Dafydd Trystan, the former chairman of Plaid Cymru, says that the challenges facing the party are more complex than they appear…
The narrow victories in Ceredigion and Arfon were a ‘get out of jail free card’ for Plaid Cymru.
While voters were lost across the country, the seat tally, which is after all what counts in a general election, yielded the best results since 2001.
There is a danger therefore that the Party will sit back, breathe a huge sigh of relief and carry on.
I’d suggest to do that would be a failure to address a significant weakness that has been laid bare by the falling vote share of the 2017 election.
There has already been robust debate about Plaid’s performance at the General Election – here and elsewhere.
I do fear, however, that there may be a temptation to seek simple answers to the strategic dilemmas facing the party when those challenges may be more complex than they appear at first.
In many ways the past decade and more has been one of significant progress for Plaid.
We know from regular polling in Wales that Plaid as a party is well regarded. We also know that Leanne Wood, Plaid’s leader, is particularly well regarded and generally, polls personal ratings that are better than the Party.
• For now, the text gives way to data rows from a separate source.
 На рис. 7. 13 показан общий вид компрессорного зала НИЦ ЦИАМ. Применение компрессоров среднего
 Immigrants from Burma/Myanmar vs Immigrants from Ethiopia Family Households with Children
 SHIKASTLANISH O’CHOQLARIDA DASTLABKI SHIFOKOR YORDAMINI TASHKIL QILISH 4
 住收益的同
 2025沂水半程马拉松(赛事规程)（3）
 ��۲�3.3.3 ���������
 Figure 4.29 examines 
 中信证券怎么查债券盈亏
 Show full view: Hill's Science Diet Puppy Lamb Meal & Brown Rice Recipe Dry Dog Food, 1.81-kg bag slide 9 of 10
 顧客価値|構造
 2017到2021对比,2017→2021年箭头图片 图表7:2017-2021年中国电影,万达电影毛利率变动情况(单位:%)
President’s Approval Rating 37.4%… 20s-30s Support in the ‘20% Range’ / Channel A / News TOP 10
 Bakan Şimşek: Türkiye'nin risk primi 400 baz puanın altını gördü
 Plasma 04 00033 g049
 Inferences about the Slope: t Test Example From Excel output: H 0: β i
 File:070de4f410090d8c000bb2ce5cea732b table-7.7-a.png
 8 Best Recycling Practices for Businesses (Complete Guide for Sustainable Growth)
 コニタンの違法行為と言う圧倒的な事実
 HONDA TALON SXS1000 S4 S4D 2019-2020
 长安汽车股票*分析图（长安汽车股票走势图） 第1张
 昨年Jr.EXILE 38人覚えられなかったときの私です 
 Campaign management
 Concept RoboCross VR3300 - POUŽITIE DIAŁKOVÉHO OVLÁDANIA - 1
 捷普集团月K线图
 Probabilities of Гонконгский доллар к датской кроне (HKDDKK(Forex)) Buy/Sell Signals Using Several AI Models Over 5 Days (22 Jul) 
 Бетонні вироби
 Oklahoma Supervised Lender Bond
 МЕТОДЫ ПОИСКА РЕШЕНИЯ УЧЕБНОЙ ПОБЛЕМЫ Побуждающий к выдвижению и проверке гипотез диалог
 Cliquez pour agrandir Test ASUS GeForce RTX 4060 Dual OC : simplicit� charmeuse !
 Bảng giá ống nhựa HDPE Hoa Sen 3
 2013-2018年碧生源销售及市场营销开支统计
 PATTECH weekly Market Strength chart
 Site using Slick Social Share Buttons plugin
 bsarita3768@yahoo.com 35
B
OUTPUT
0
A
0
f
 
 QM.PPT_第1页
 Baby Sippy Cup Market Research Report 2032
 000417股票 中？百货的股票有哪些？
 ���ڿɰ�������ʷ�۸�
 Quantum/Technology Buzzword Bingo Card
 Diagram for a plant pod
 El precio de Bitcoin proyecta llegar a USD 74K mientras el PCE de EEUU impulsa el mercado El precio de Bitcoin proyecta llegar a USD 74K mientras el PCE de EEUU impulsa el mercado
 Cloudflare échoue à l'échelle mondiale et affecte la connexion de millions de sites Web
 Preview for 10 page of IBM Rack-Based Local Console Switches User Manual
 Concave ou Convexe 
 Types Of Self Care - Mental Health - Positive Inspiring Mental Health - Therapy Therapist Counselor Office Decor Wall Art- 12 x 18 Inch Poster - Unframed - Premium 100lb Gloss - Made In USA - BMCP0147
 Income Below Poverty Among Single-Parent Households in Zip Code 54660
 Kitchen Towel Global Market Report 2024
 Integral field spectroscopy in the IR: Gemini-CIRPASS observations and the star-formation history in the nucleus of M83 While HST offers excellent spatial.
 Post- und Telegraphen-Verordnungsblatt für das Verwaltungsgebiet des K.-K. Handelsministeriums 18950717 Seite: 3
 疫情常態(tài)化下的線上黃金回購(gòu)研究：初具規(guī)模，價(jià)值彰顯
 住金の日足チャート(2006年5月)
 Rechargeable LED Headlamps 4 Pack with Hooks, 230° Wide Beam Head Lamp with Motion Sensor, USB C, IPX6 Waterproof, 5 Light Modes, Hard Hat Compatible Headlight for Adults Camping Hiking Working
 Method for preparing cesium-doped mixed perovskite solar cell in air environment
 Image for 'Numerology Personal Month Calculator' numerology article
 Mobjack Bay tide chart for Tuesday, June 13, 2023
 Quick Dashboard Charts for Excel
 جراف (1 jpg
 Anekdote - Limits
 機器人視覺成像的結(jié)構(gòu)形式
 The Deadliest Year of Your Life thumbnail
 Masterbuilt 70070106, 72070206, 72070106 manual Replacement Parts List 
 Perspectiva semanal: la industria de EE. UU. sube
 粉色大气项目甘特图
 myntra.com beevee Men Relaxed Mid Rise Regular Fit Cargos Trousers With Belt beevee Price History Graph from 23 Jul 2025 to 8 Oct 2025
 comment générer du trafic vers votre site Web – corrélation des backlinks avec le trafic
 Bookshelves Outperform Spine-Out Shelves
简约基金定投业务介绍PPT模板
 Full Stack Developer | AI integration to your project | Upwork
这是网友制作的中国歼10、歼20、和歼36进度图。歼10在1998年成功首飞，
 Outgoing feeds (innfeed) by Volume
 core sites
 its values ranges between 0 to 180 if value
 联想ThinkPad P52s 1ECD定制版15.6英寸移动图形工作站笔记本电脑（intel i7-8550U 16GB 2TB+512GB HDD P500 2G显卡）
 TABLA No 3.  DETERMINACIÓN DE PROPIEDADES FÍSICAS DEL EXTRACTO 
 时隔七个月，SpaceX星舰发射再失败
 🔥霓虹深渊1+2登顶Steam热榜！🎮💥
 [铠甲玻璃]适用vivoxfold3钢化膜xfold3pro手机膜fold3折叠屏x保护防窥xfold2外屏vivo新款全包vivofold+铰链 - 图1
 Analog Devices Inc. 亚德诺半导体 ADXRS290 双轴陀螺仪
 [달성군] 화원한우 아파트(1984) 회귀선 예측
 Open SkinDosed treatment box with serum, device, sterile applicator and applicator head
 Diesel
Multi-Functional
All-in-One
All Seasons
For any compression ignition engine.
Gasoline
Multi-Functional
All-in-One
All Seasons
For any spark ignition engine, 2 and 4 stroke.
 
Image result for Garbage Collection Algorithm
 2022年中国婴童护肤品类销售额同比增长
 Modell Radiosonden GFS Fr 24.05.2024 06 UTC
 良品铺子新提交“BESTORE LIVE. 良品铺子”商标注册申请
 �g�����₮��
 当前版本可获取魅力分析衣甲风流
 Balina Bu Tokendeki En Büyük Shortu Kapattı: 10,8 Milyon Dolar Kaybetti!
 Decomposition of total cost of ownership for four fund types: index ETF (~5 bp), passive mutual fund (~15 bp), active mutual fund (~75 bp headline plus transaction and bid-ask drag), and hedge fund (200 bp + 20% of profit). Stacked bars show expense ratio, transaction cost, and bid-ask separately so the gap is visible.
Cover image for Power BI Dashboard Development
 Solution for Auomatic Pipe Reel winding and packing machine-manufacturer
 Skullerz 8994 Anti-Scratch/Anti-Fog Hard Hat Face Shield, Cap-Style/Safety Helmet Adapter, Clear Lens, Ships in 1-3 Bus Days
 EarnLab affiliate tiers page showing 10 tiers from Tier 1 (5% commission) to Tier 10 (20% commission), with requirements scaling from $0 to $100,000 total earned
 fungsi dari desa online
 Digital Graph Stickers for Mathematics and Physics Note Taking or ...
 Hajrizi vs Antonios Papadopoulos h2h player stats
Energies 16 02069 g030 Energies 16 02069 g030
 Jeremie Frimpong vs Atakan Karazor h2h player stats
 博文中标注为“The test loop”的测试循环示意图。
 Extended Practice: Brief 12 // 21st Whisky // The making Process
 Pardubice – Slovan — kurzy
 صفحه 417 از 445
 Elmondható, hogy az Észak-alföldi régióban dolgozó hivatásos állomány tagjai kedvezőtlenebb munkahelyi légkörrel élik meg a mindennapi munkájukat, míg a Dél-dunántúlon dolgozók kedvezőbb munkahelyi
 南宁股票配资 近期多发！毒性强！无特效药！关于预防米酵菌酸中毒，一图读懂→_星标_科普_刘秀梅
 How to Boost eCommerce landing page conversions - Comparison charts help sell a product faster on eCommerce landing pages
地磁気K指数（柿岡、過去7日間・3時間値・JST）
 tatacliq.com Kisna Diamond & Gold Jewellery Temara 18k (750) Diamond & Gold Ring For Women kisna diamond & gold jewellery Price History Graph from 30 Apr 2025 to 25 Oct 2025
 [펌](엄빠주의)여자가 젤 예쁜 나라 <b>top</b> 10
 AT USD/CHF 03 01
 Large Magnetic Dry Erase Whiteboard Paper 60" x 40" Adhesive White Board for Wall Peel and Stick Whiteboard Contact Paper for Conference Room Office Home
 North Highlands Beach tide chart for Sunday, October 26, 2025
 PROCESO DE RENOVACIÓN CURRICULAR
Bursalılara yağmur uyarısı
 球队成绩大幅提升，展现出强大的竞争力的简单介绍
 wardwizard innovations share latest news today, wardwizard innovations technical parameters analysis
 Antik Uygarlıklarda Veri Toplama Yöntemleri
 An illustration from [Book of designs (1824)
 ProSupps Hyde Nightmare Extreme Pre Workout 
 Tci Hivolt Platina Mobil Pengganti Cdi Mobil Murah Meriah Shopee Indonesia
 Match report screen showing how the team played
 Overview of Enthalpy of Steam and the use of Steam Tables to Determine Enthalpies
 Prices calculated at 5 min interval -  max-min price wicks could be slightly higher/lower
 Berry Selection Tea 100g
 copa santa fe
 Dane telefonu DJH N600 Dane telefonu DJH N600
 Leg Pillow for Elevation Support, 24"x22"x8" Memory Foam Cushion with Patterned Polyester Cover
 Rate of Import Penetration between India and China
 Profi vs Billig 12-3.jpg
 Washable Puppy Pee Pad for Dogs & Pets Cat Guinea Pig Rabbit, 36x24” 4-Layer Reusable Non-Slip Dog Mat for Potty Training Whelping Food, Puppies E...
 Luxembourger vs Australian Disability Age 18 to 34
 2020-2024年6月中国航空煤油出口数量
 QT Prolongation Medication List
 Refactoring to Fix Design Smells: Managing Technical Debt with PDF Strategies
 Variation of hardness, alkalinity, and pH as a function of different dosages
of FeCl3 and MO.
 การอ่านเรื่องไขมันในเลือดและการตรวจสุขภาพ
We’ve also seen Plaid gain more coverage in UK General Elections than at any time in its history.
But the party’s electoral performance has been at best patchy because people who are well disposed to the party and its leader don’t routinely vote Plaid.
No magic pill
And herein for me lies the key weakness. Plaid’s relative popularity means that it is a safe option for those wishing to lend a vote if their normal choice has in some way behaved poorly.
There have been plenty of examples at both local and national levels where other parties have handled issues badly (or indeed entire elections) and Plaid has taken advantage.
But this success is almost entirely context-dependent.
In order to become a party of government and to realise its long-held ambitions for Wales, Plaid must address this strategic challenge over the next few years.
A number of commentators have already suggested (simplistic) approaches e.g. having nothing to do with Labour (ever), changing the party leader, campaigning hard for Welsh independence.
The difficulty I have with each of these prescriptions is that there is little evidence to suggest that any of these are a magic pill that will cure Plaid’s electoral ills.
Indeed, what evidence there is suggests that some of these approaches could be counter-productive.
The challenge is made all the more complex by the political positioning of the parties.
With Tony Blair in charge of the Labour Party, a consistent left/centre-left approach from Plaid to Welsh politics, chimed with the Welsh electorate.
It is far from clear that ‘Plaid are a way to support Corbyn’s policies’ is in any way a sensible strategy faced with a left-wing Labour leader in the UK and a small ‘n’ nationalist Labour leader in Wales.
So what is to be done? The first step is to seek to reach a consensus as to the challenges facing the party. Asking the right questions is a good start.
On the answers I’m less clear. The development of key headline policies that can and should be promoted over the next few years would be a start.
How would Plaid improve education in Wales? Or the Health Service? Or have a more robust approach to protecting our environment?
Can anyone name a signature Plaid Westminster election policy? Or a Local Government pledge from a little over a month ago?
More urgent I’d suggest is developing the vision of Plaid councils in action.
Plaid now leads councils spanning most of the West. With apologies to the Leaders of those councils – as I know how difficult these matters are, but what can we say definitively that those four councils will do differently from the neighbouring Labour and Independent-run councils?
I know they will be well run – each of the leaders have significant ability and experience. But what will residents be able to say clearly is different, because it’s a Plaid council?
Plaid has the opportunity in the next few years to move to a higher level of electoral success, based on the foundations that are in place.
But, if the last elections show us anything those foundations are not yet strong enough to withstand a big storm.
With Hywel Williams’ victory in Arfon and Ben Lake’s stunning success in Ceredigion, there is now a window of opportunity to strengthen the foundations.
This is a challenge and a significant task, but one that cannot be ignored, nor can it be minimised. We live in (very) interesting times.